PROBLEM DESCRIPTION -
Starting at the first line of the listing below, repeat each line up to and including the one containing "Grace Is My Story Unisex Cotton T-Shirt". Leave out pictures.

DATASET RECORDS -
====

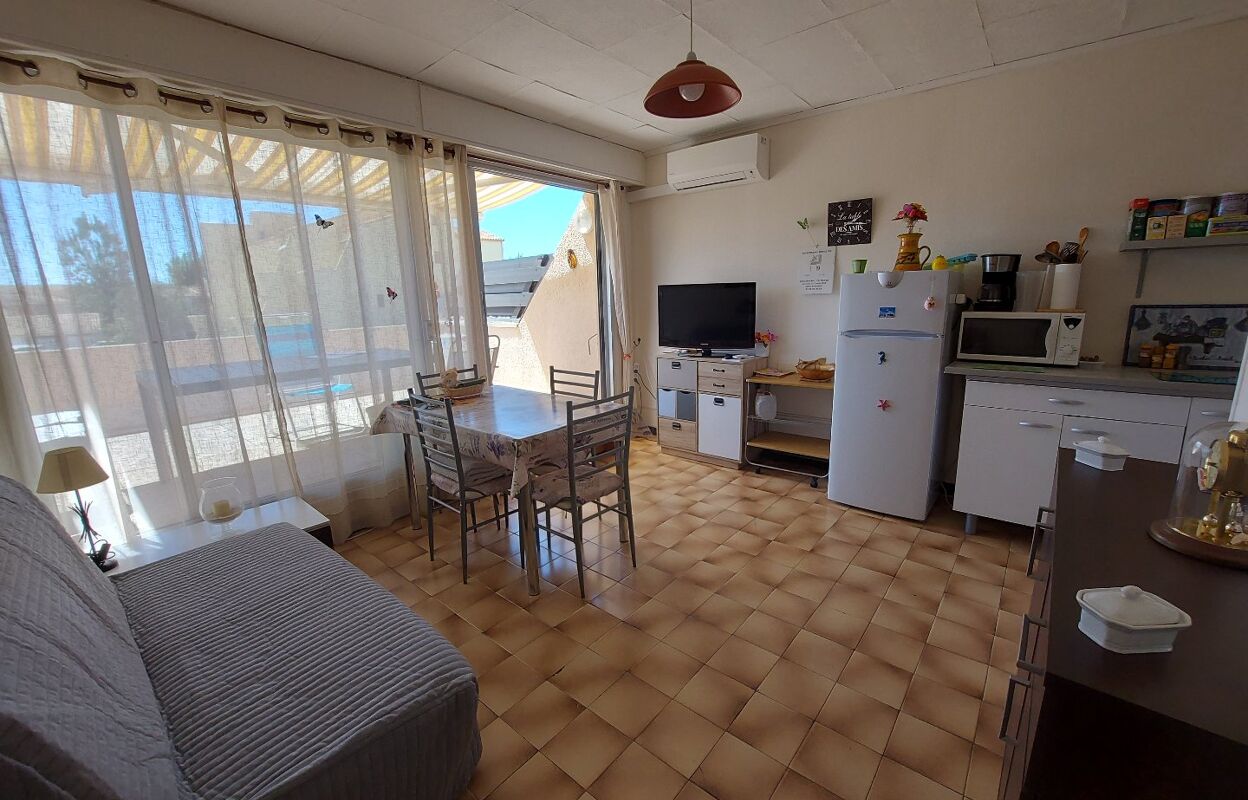 appartement 2 pièces 32 m2 à vendre à Marseillan (34340)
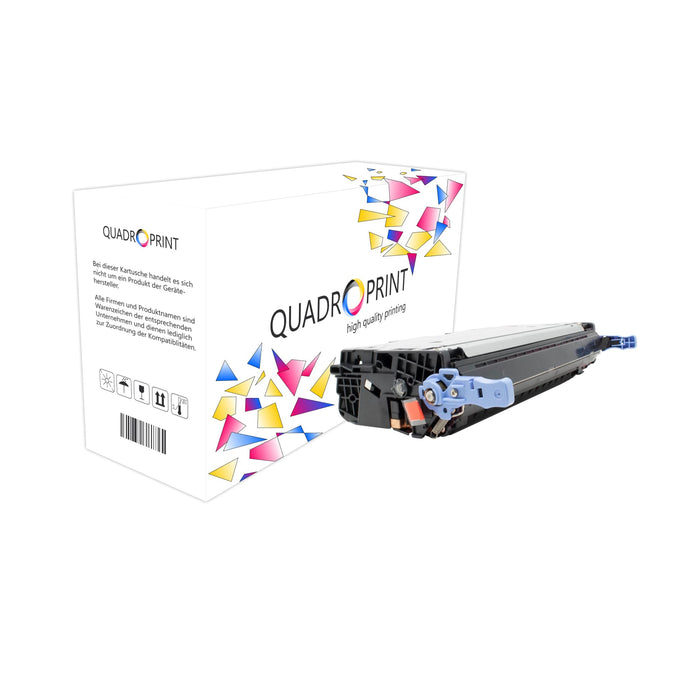 QUADROPRINT Toner ersetzt Canon 2576B002 717M Magenta ca.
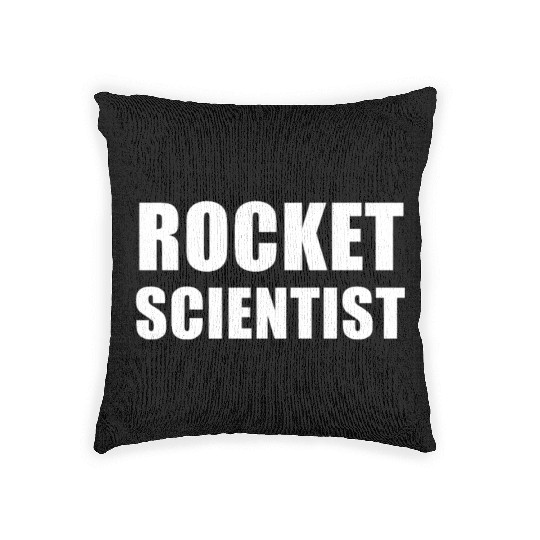 Rocket Scientist Woven Pillows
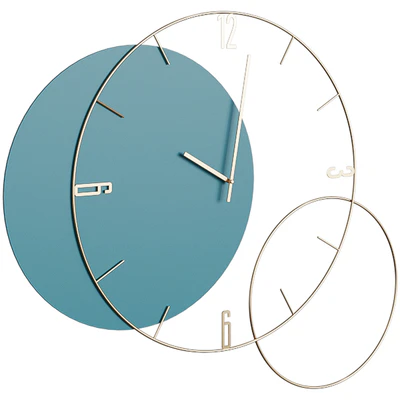 Настенные часы Modern Round Часы — Вид 2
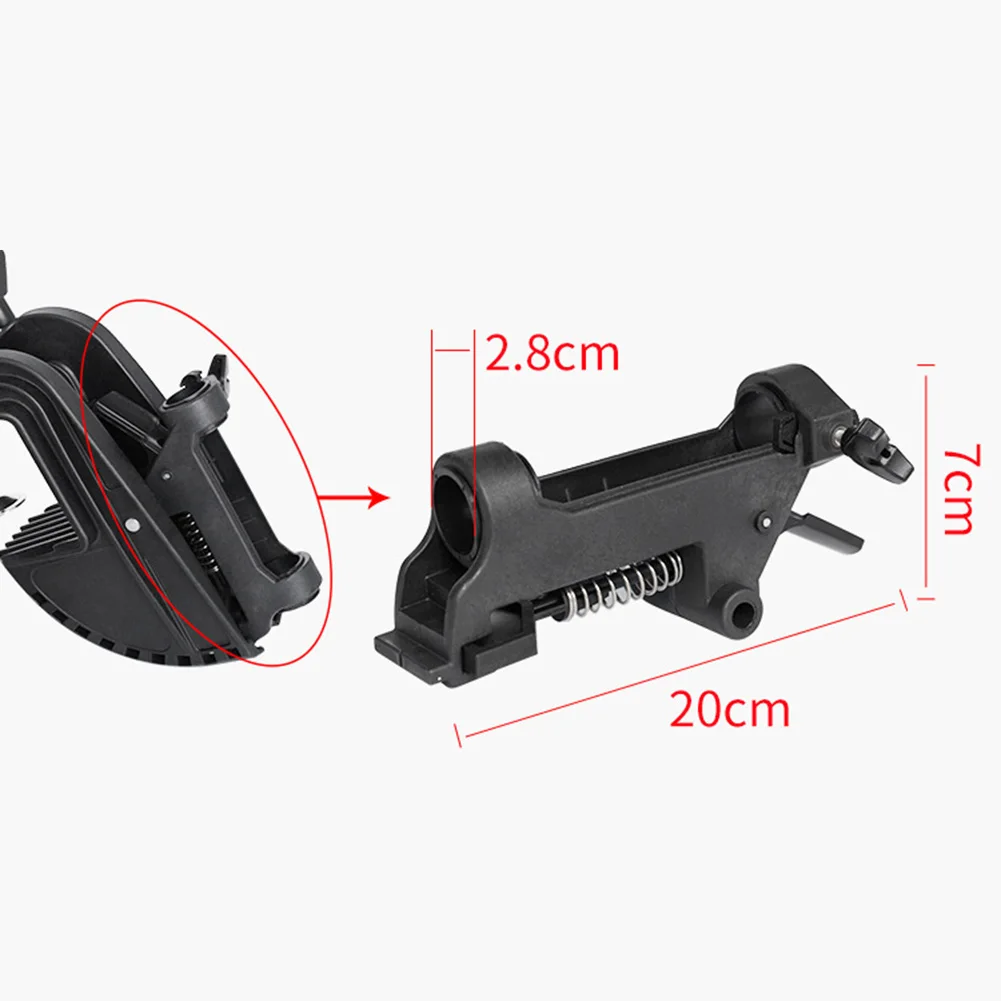 Вращающийся на 90 ° держатель для крепления двигателя надувной лодки запасные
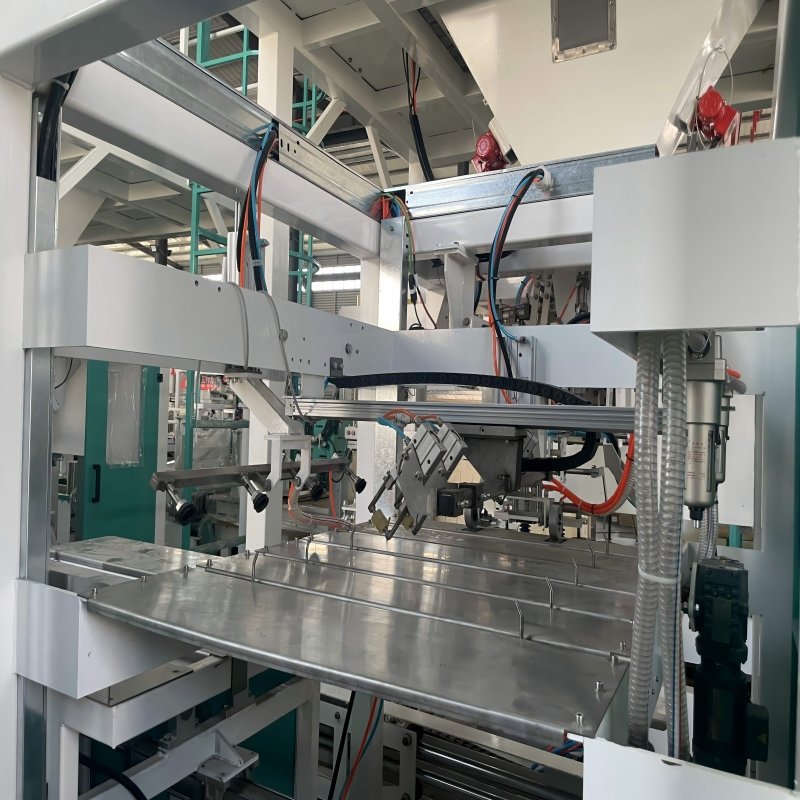 Custom Logo Open Mouth Bagging Packaging Machine Dog Food Full Automatic 15 Kg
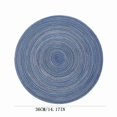 thumbnail image 2 of Uutvmp Placemats, Round Placemats for Dining Table, Woven Heat Resistant Non-Slip Kitchen Table Mats Diameter, 14 inch, 2 of 3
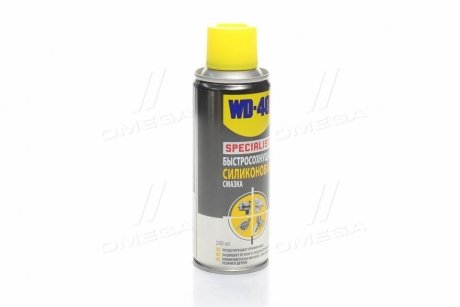 Быстросохнущая силиконовая смазка SPECIALIST 200ml. / 12 WD-40 124W700126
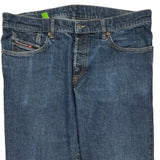 Diesel Jeans - 36W 30L Blue Denim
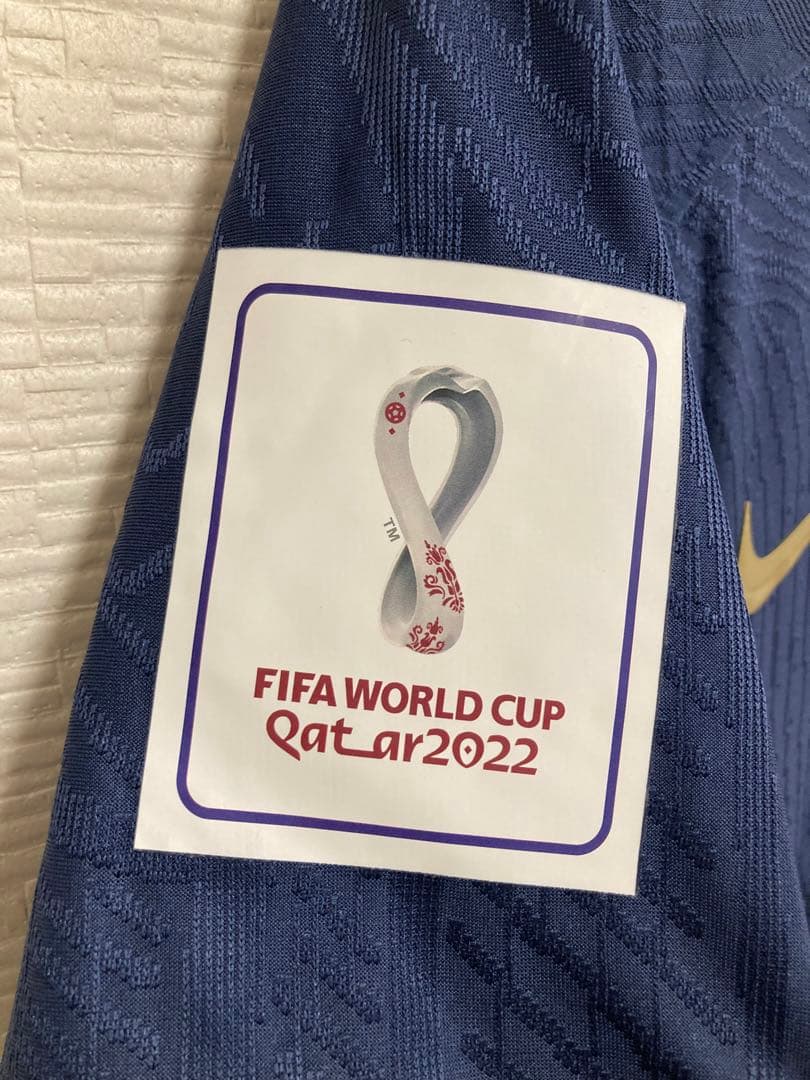 2022ワールドカップ決勝 フランス代表 ムバッペ エムバペ ユニフォーム（H）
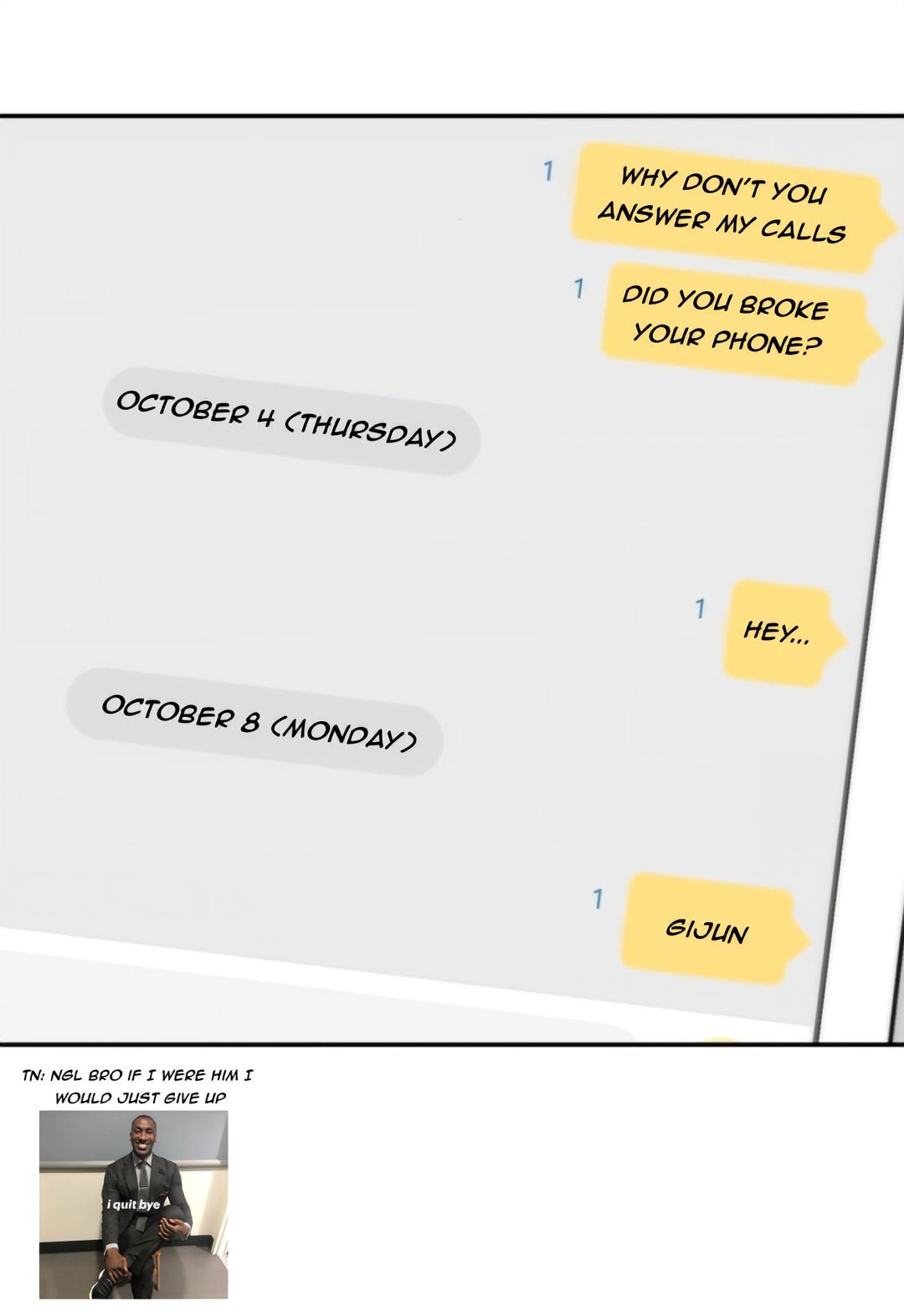 Bad Friend (Euneun) Chapter 29 page 3 - 
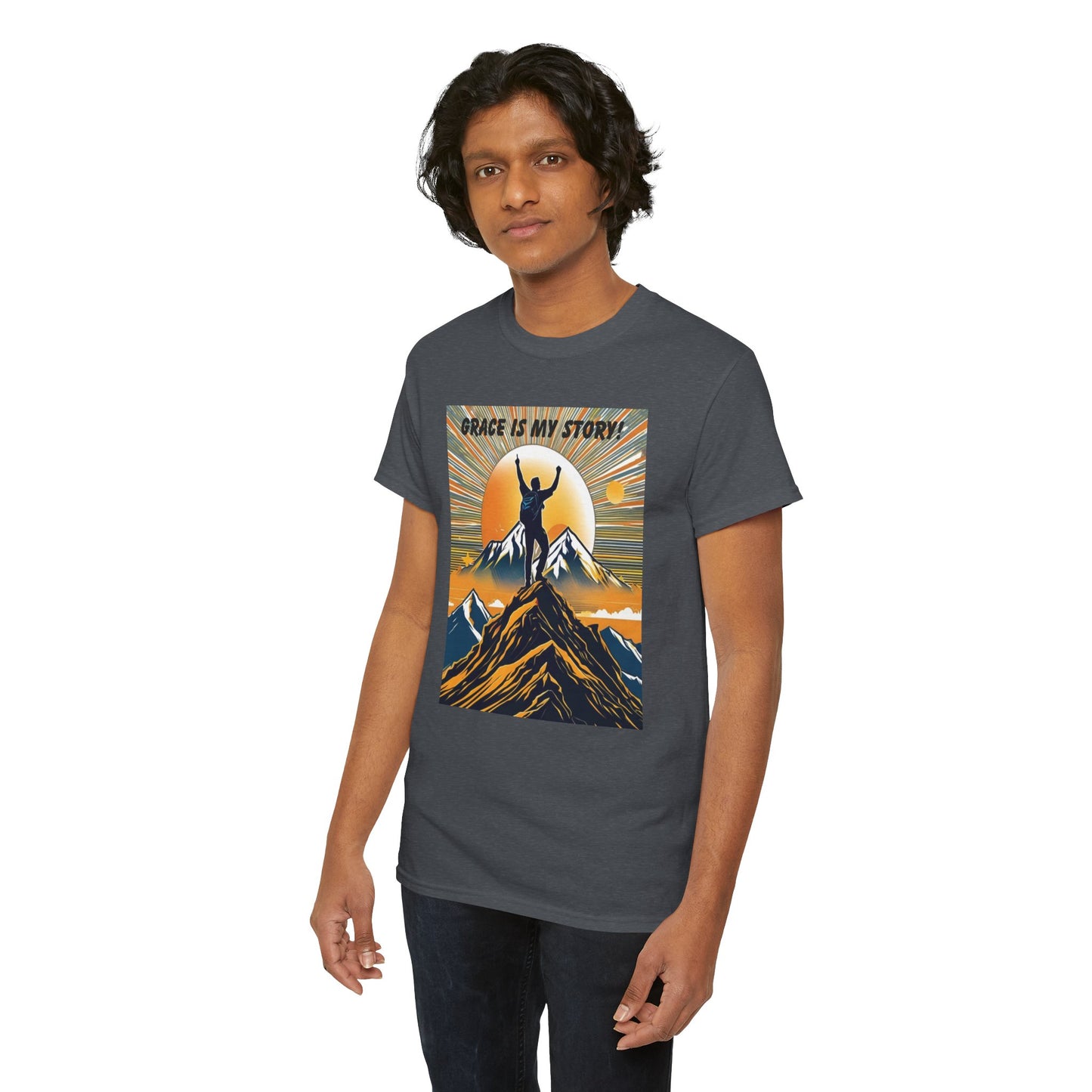 Grace Is My Story Unisex Cotton T-Shirt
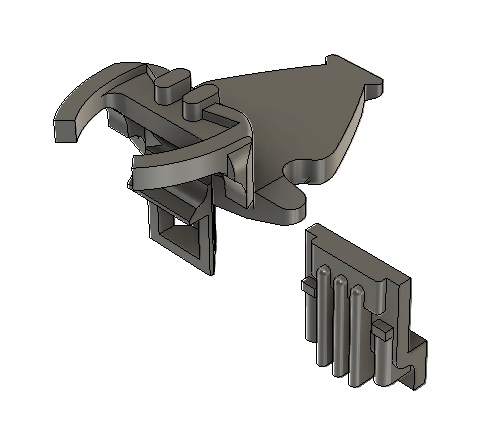 E3系用連結器換装機構<NBT020E301-101>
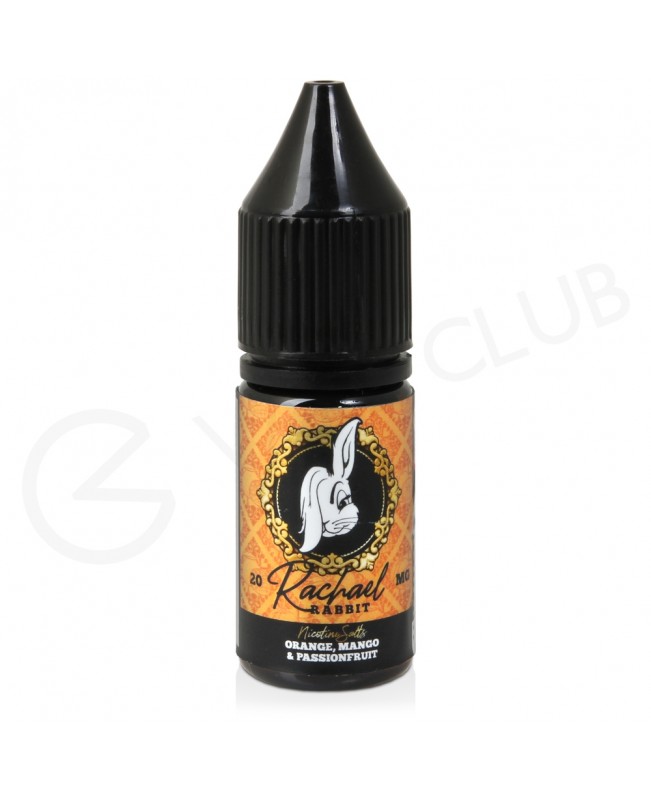 Orange, Mango & Passionfruit Nic Salt E-Liquid by Rachael Rabbit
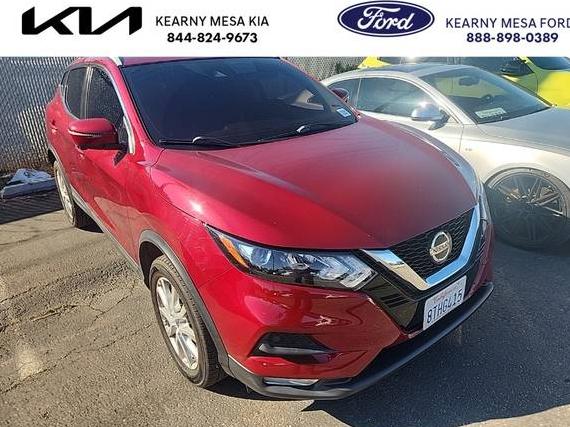NISSAN ROGUE SPORT 2020 JN1BJ1CV3LW261291 image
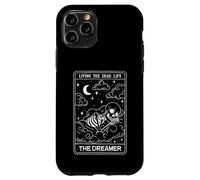Motif Squelette Tarot The Dreamer Living Dead Life Coque pour iPhone 11 Pro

====

EXERCISE RESULT -
 appartement 2 pièces 32 m2 à vendre à Marseillan (34340)
 QUADROPRINT Toner ersetzt Canon 2576B002 717M Magenta ca.
 Rocket Scientist Woven Pillows
 Настенные часы Modern Round Часы — Вид 2
 Вращающийся на 90 ° держатель для крепления двигателя надувной лодки запасные
 Custom Logo Open Mouth Bagging Packaging Machine Dog Food Full Automatic 15 Kg
 thumbnail image 2 of Uutvmp Placemats, Round Placemats for Dining Table, Woven Heat Resistant Non-Slip Kitchen Table Mats Diameter, 14 inch, 2 of 3
 Быстросохнущая силиконовая смазка SPECIALIST 200ml. / 12 WD-40 124W700126
 Diesel Jeans - 36W 30L Blue Denim
 2022ワールドカップ決勝 フランス代表 ムバッペ エムバペ ユニフォーム（H）
 Bad Friend (Euneun) Chapter 29 page 3 - 
 Grace Is My Story Unisex Cotton T-Shirt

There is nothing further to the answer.